# Final Project: Adapt a non-trivial application running on MyCPU (Homework3)
> contribute by 林子勝
## Non-trivial question
I have decided to use this C code which operating convolution on a matrix to run on my CPU. The two challenges I expect encountering are that don't relate to 'printf' and how to fix or replace 'multiple operating' and 'square root operation'.
I hope the final goal is to achieve the functionality of this program.
:::spoiler goal program
```clike=
#include <stdio.h>
#include <math.h>
int main() {
int convolution_result[25] = {0};
int matrix[25] = {
1, 2, 3, 4, 5,
6, 7, 8, 9, 0,
1, 2, 3, 4, 5,
6, 7, 8, 9, 0,
1, 2, 3, 4, 5
};
int width = 5;
int height = 5;
int horizontal_kernel[3][3] = {{-1, 0, 1}, {-2, 0, 2}, {-1, 0, 1}};
int vertical_kernel[3][3] = {{-1, -2, -1}, {0, 0, 0}, {1, 2, 1}};
for (int y = 0; y < height; y++) {
for (int x = 0; x < width; x++) {
int horizontal_value = 0;
int vertical_value = 0;
for (int i = -1; i <= 1; i++) {
for (int j = -1; j <= 1; j++) {
int yy = y + i;
int xx = x + j;
if (yy >= 0 && yy < height && xx >= 0 && xx < width) {
horizontal_value += matrix[yy * width + xx] * horizontal_kernel[i + 1][j + 1];
vertical_value += matrix[yy * width + xx] * vertical_kernel[i + 1][j + 1];
convolution_result[y * width + x] = sqrt(pow(horizontal_value, 2) + pow(vertical_value, 2));
}
}
}
}
}
return 0;
}
```
:::
### matrix data
I transform the matrix to one dimension array.
```code=
int main()
{
int matrix[25] = {
1, 2, 3, 4, 5,
6, 7, 8, 9, 0,
1, 2, 3, 4, 5,
6, 7, 8, 9, 0,
1, 2, 3, 4, 5
};
return 0;
}
```
---
> This is the compiled result
```
riscv-none-elf-as -R -march=rv32i_zicsr -mabi=ilp32 -o init.o init.S
riscv-none-elf-gcc -O0 -Wall -march=rv32i_zicsr -mabi=ilp32 -c -o test.o test.c
test.c: In function 'main':
test.c:3:9: warning: unused variable 'mat' [-Wunused-variable]
3 | int mat[25] = {
| ^~~
riscv-none-elf-ld -o test.elf -T link.lds --oformat=elf32-littleriscv test.o init.o
riscv-none-elf-ld: test.o: in function `main':
test.c:(.text+0x30): undefined reference to `memcpy'
make: *** [Makefile:19:test.elf] Error 1
rm init.o
```
But I found that ```quicksort.c``` also declares a one-dimensional array but does not have this problem.
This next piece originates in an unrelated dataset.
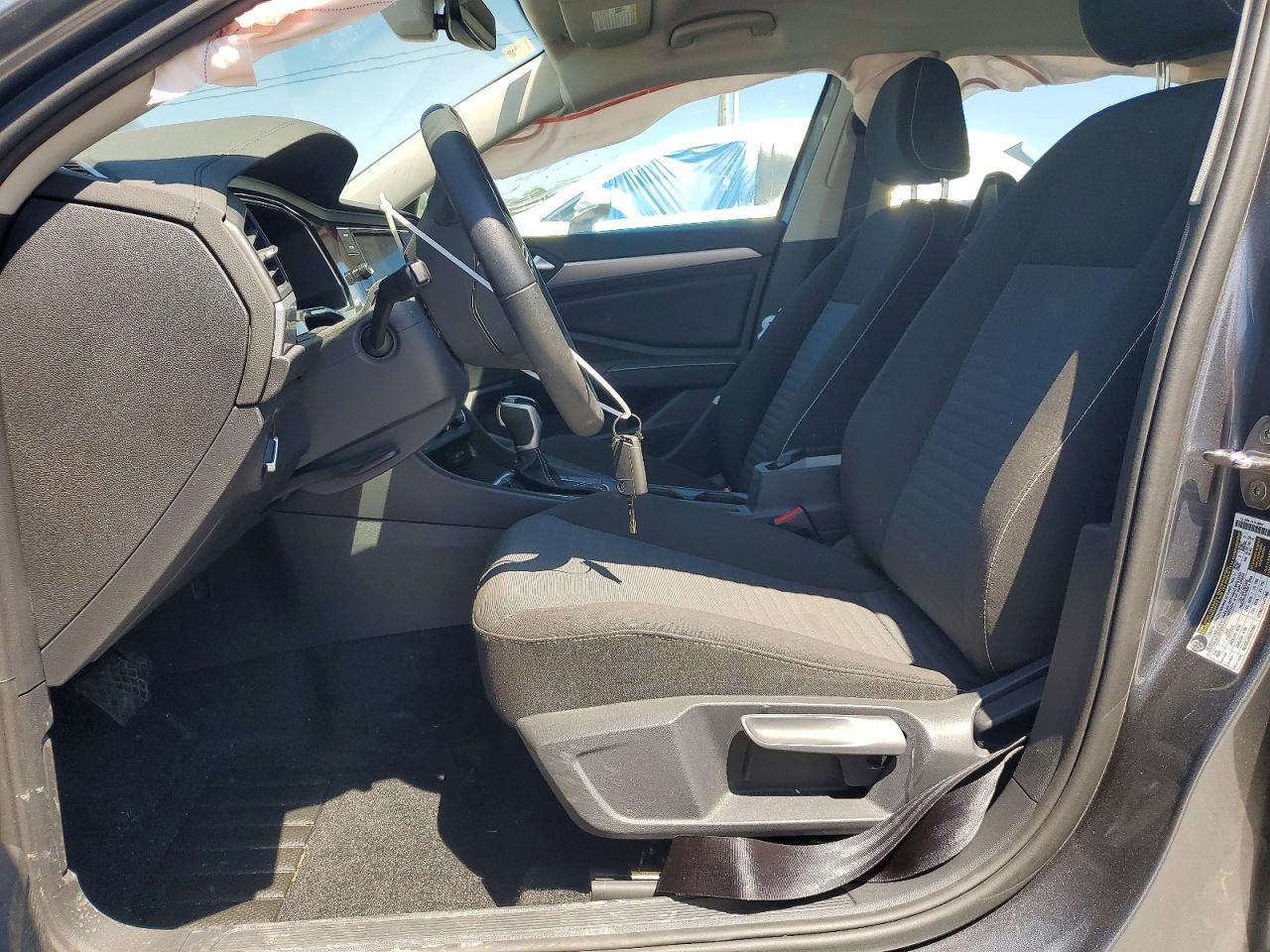 2024 Volkswagen Jetta S - Фото 7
After testing, I found that this problem will occur when the size of the array is greater than 16.
:::spoiler quicksort.c
```clike=
static void quicksort(int *arr, int l, int r)
{
if (l >= r)
return;
int pivot = arr[l];
int i = l, j = r;
while (i < j) {
while (arr[j] >= pivot && i < j)
--j;
arr[i] = arr[j];
while (arr[i] < pivot && i < j)
++i;
arr[j] = arr[i];
}
arr[i] = pivot;
quicksort(arr, l, i - 1);
quicksort(arr, i + 1, r);
}
int main()
{
int nums[10] = {6, 2, 4, 10, 5, 1, 0, 9, 7, 8};
quicksort(nums, 0, 9);
for (int i = 1; i <= 10; ++i)
*(volatile int *) (i * 4) = nums[i - 1];
return 0;
}
```
:::
---
After searching on the Internet, I found that it seems to be related to the optimizer of the compiler, but the optimizer selected in my Makefile is already -O0. In principle, it seems that this problem should not occur? So I used another method to initialize it manually.
:::spoiler code
```clike=
int main()
{
int matrix[25];
matrix[0] = 1;
matrix[1] = 2;
matrix[2] = 3;
matrix[3] = 4;
matrix[4] = 5;
matrix[5] = 6;
matrix[6] = 7;
matrix[7] = 8;
matrix[8] = 9;
matrix[9] = 0;
matrix[10] = 1;
matrix[11] = 2;
matrix[12] = 3;
matrix[13] = 4;
matrix[14] = 5;
matrix[15] = 6;
matrix[16] = 7;
matrix[17] = 8;
matrix[18] = 9;
matrix[19] = 0;
matrix[20] = 1;
matrix[21] = 2;
matrix[22] = 3;
matrix[23] = 4;
matrix[24] = 5;
return 0;
}
```
:::
---
Next step, I tried to print the value in the memory when the code testing. The same problem happened... I could run expectantly on the ```quicksort.c``` , but when the array size is greater than 16, It's wrong again.
I adjusted the code below, and the result show as following.
:::spoiler CPUTest.scala
```scala=
class QuicksortTest extends AnyFlatSpec with ChiselScalatestTester {
behavior.of("Single Cycle CPU")
it should "perform a quicksort on 10 numbers" in {
test(new TestTopModule("quicksort.asmbin")).withAnnotations(TestAnnotations.annos) { c =>
for (i <- 1 to 50) {
c.clock.step(1000)
c.io.mem_debug_read_address.poke((i * 4).U) // Avoid timeout
}
for (i <- 1 until 10) {
val address = (i * 4).U
c.io.mem_debug_read_address.poke(address)
c.clock.step(1)
val value = c.io.mem_debug_read_data.peek().litValue
println(s"Value at address $address: $value")
c.io.mem_debug_read_address.poke(0.U)
c.clock.step(1)
}
}
}
}
```
:::
<br>
> This is the compiled result
```
Value at address UInt<3>(4): 0
Value at address UInt<4>(8): 1
Value at address UInt<4>(12): 2
Value at address UInt<5>(16): 4
Value at address UInt<5>(20): 5
Value at address UInt<5>(24): 6
Value at address UInt<5>(28): 7
Value at address UInt<6>(32): 8
Value at address UInt<6>(36): 9
```
<br>
There is when I evaluate the array which size is 25 below, all the value are 0.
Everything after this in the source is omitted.